The characters of Leo Getz and Lee Butters were not in the original scripts. Joe Pesci was hired and paid $1 million for three weeks of work, forcing rewrites. Gibson was "three-fourths" through his newest draft when Chris Rock was hired, which caused yet another rewrite. Butters was originally written to be a homosexual detective. When they started filming the police station scene between Riggs, Murtaugh, Leo, and Butters, everyone felt the character did not work. He was changed to be Rianne's husband and father to her unborn child. The two only share one scene in the final film with no written dialogue, due to last minute changes made to his character.
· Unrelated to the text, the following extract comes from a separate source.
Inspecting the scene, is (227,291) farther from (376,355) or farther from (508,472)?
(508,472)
Besides Lemkin, Gibson, Gough and Millar, other writers did uncredited work on the script, including Michael Curtis, Greg Malins, Fred Dekker (who came up with the scene where Riggs and Murtaugh drive their car off the freeway and through the building), and even Boam was brought in to work on the script.

The film entered production in early January 1998 with a planned summer release of that same year. Due to issues during filming, including the script changes, production ended around mid May, less than two months before its scheduled July release. Editors had to work very quickly to have the film ready, which is why the trailers feature some deleted and alternate scenes which are not in the film. Despite this, the film was finished and released as planned. For the film, Gibson, Glover, Donner, and Silver had first-dollar gross deals, equivalent to at least 35 cents of every dollar earned.

==Release==

===Box office===
Lethal Weapon 4 debuted at No. 1 at the box office ahead of Armageddon and Small Soldiers with $34.05 million. The film would hold the record for having the highest July opening weekend for a Warner Bros. film until The Perfect Storm surpassed it in 2000. In its second weekend, it was overtaken by The Mask of Zorro, making $21.7 million and outgrossing fourth place newcomer There's Something About Mary. Although the film grossed $130 million in the U.S., it was not considered a runaway financial success as the previous three films had been.
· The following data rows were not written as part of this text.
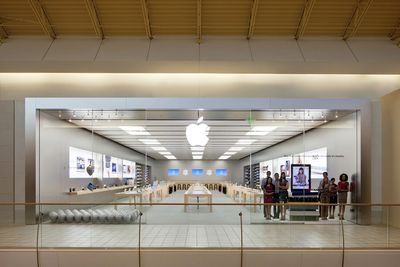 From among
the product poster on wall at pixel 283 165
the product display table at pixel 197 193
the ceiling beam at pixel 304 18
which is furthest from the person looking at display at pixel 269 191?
the ceiling beam at pixel 304 18

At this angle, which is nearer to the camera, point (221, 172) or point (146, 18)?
point (146, 18)

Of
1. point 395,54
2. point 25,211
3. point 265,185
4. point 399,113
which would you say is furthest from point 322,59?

Shooting began in January 1998, just months before the film's release, with a production budget estimated at $120–$150 million (although Warner Bros. Pictures maintained it cost less than $100 million) and an additional $50 million spent on marketing and distribution. This made the fourth film the most expensive entry of the series. Its profit margin was saved in part due to the combined foreign box office sales making the film gross approximately $285 million in total, making the second highest-grossing film in the Lethal Weapon film series behind, Lethal Weapon 3 (1992). Still, like its predecessors, Lethal Weapon 4 was among the top ten grossing films of its release year.

===Critical reception===
 Metacritic, which uses a weighted average, assigned the a score of 37 out of 100, based on 21 critics, indicating "generally unfavorable" reviews.

James Berardinelli gave the film three stars out of four, writing: "Given the expectations that constrain it, Lethal Weapon 4 is probably the best motion picture that could possibly result from another teaming of Martin Riggs and Roger Murtaugh. The series has lost a lot of steam since the first two entries, and, although the fourth movie ratchets up the energy level from the moribund state of the disappointing Lethal Weapon 3, there's no sense of spontaneity."

Roger Ebert gave Lethal Weapon 4 two stars out of four, writing: "Lethal Weapon 4 has all the technical skill of the first three movies in the series, but lacks the secret weapon, which was conviction. All four movies take two cop buddies and put them into spectacular and absurd action sequences, but the first three at least went through the motions of taking the plot seriously (and the first one did such a good job, it made my 'best 10' list of that year). This time, we're watching an exercise."

Michael O'Sullivan of The Washington Post called it a "stupid and violent delicacy" that balances a "patented blend of high action and low comedy".

The film was nominated for a Razzie Award for Worst Supporting Actor for Pesci.

===Home media===
Lethal Weapon 4 has been released on VHS and DVD numerous times. It has been re-released in numerous sets that contain all four films in the series. Lethal Weapon 4 was released on Blu-ray Disc as part of a box set with the additional Lethal Weapon films on May 22, 2012.

==Soundtrack==
The film's music was composed by Michael Kamen, Eric Clapton, and David Sanborn. This was the only film in the series not to have a soundtrack album released alongside it but, in 2013, La-La Land Records released the score as discs seven and eight of its limited edition Lethal Weapon: Soundtrack Collection. Just as Martin Riggs has been represented in the entire franchise by a guitar, and Roger Murtaugh by a saxophone, Lee Butters is accompanied by a harmonica.

==Sequel==
There had long been talk of a fifth Lethal Weapon film, although both Mel Gibson and Danny Glover had initially expressed a lack of interest. In 2007, Moviehole.net received word from sources that Warner Bros. were in the early stages of trying to relaunch the Lethal Weapon series sometime in 2009 or later. A spec script treatment was written by Shane Black and Chuck Mondry, leading to rumors that the sequel was on fast track by Warner Bros. with Black in the director's chair. In 2008, Richard Donner said, "Mel turned it down. I would like to think that Mel turned it down because I wasn't involved." Donner said that he and Lethal Weapon 4 writer Channing Gibson "had an incredibly strong story for the fifth movie" but that the studio had opted to work with Joel Silver instead.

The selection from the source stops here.